Start of Study material

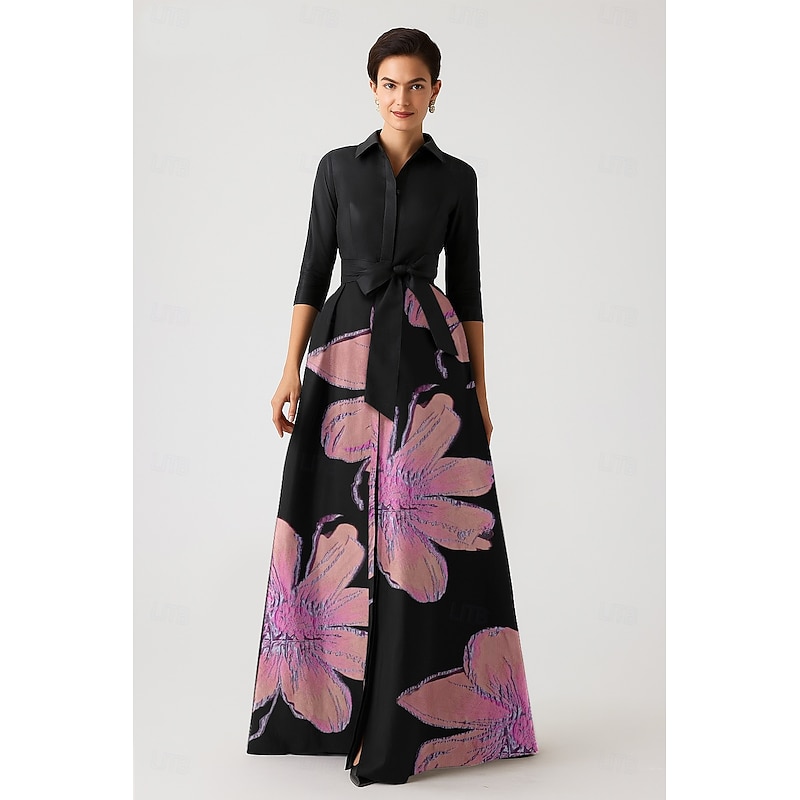 A-Line Mother of the Bride Evening Gown Elegant Dress Formal Wedding Floor Length Half Sleeve Shirt Collar Pocket Nylon with Floral Print Bow(s)3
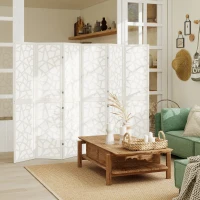 HOMCOM 6 Panel Room Divider, 5.6 FT Lightweight Folding Privacy Screen with Geometric Pattern for Living Room, Bedroom, White(m-1)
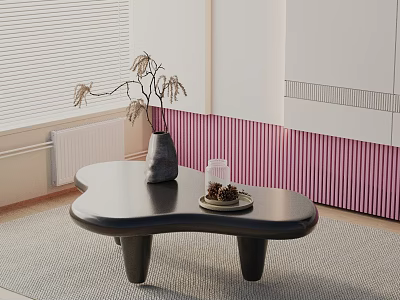 Modern Sofa And Unique Shaped Coffee Table Set With Vase Dried Branches Pink Striped Wall 3d model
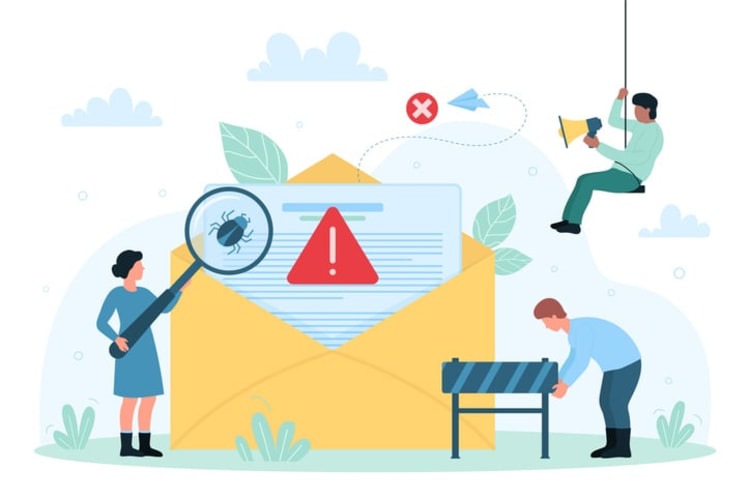 Illustration of email threat detection with warning symbols and magnifying glass, representing common tactics used in Business Email Compromise (BEC) attacks.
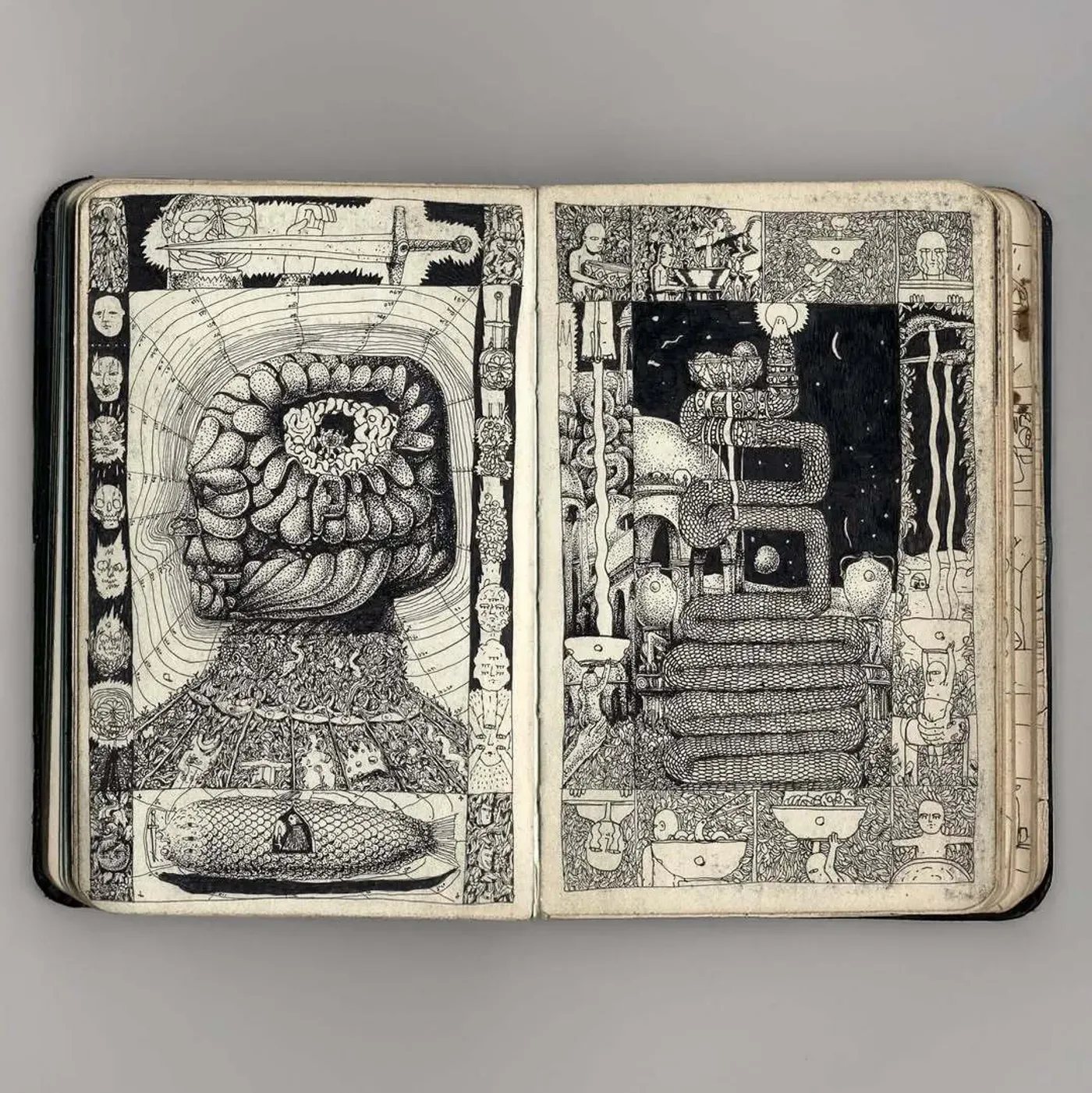 Khoren Matevosyan textile cube, Illustrations from the Fourth Book from Seven Army Sketchbooks (2018–2020), created during military service in Nagorno-Karabakh. Courtesy by the artist.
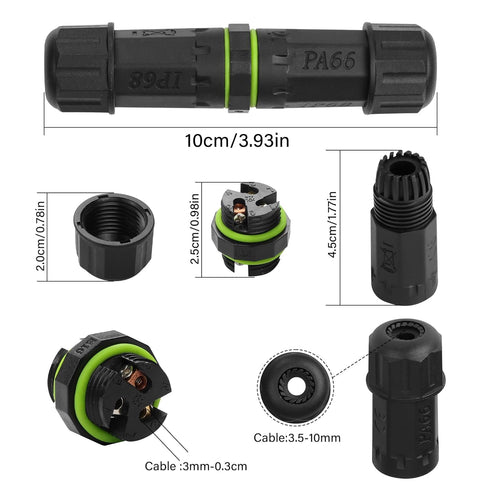 Waterproof Electrical Cable Connector, 3 Pin IP68 Outdoor Coupler for 3.5-10mm Wire Diameter, 2 Pcs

End of Study material

• [Work to be completed]: Write out again, exactly, each line from the one containing "HOMCOM 6 Panel" through the last line of the entries, and omit every picture.

• [Output for this exercise]:
 HOMCOM 6 Panel Room Divider, 5.6 FT Lightweight Folding Privacy Screen with Geometric Pattern for Living Room, Bedroom, White(m-1)
 Modern Sofa And Unique Shaped Coffee Table Set With Vase Dried Branches Pink Striped Wall 3d model
 Illustration of email threat detection with warning symbols and magnifying glass, representing common tactics used in Business Email Compromise (BEC) attacks.
 Khoren Matevosyan textile cube, Illustrations from the Fourth Book from Seven Army Sketchbooks (2018–2020), created during military service in Nagorno-Karabakh. Courtesy by the artist.
 Waterproof Electrical Cable Connector, 3 Pin IP68 Outdoor Coupler for 3.5-10mm Wire Diameter, 2 Pcs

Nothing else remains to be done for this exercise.